- [EXERCISE AIM]: Output each entry that follows exactly. Images stay out.

Dataset items:
_ _ _ _ _

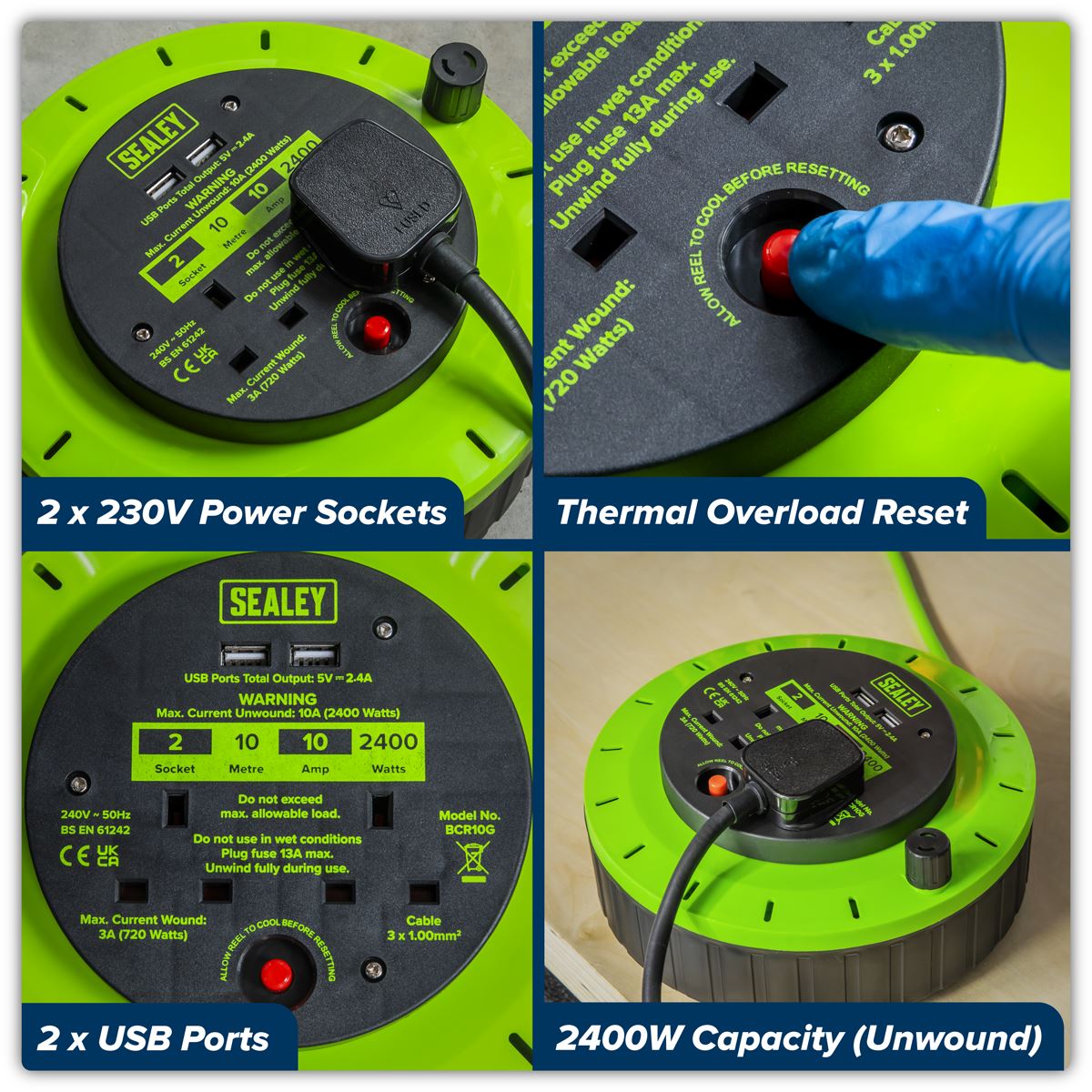 Sealey Cassette Type Cable Reel Green with Thermal Trip 2 x 230V and 2 x USB 10m BCR10G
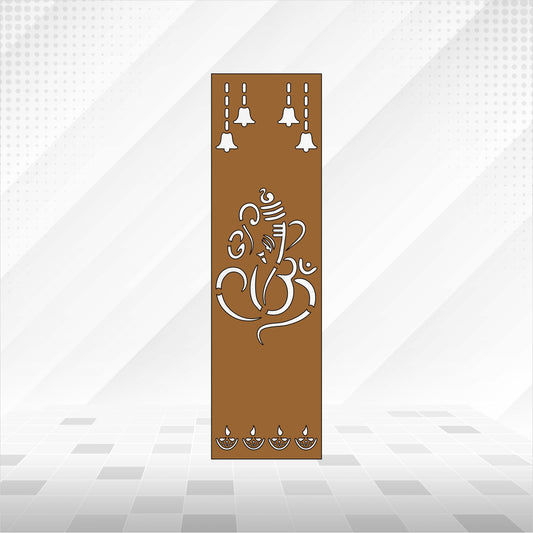 Tall Ganesha CNC jaali panel with temple bells and diyas in brown finish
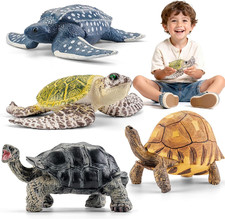 4PCS 5'' Large Sea Turtle  Tortoise Toys Figurines  Realistic Plastic Solid Se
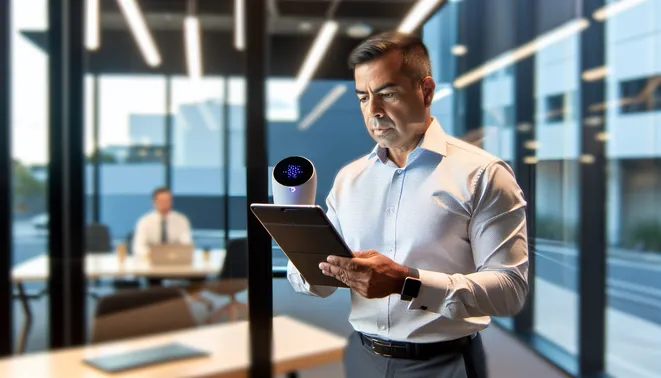 Real estate agent in Melbourne using AI voice assistant on tablet in modern office setting.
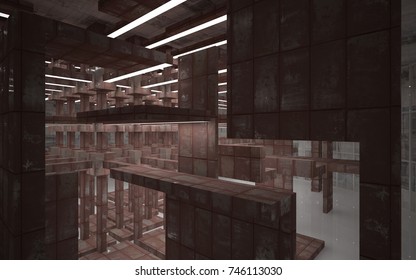 Empty abstract room interior of sheets rusted metal and concrete. Architectural background. Night view of the illuminated. 3D illustration and rendering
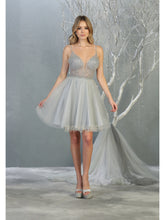 MQ 1800 - Shimmer Tulle A-Line Homecoming Dress with Sheer Beaded Bodice Homecoming Mayqueen 4 Silver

_ _ _ _ _

- [WRITTEN RESPONSE]:
 Sealey Cassette Type Cable Reel Green with Thermal Trip 2 x 230V and 2 x USB 10m BCR10G
 Tall Ganesha CNC jaali panel with temple bells and diyas in brown finish
 4PCS 5'' Large Sea Turtle  Tortoise Toys Figurines  Realistic Plastic Solid Se
 Real estate agent in Melbourne using AI voice assistant on tablet in modern office setting.
 Empty abstract room interior of sheets rusted metal and concrete. Architectural background. Night view of the illuminated. 3D illustration and rendering
 MQ 1800 - Shimmer Tulle A-Line Homecoming Dress with Sheer Beaded Bodice Homecoming Mayqueen 4 Silver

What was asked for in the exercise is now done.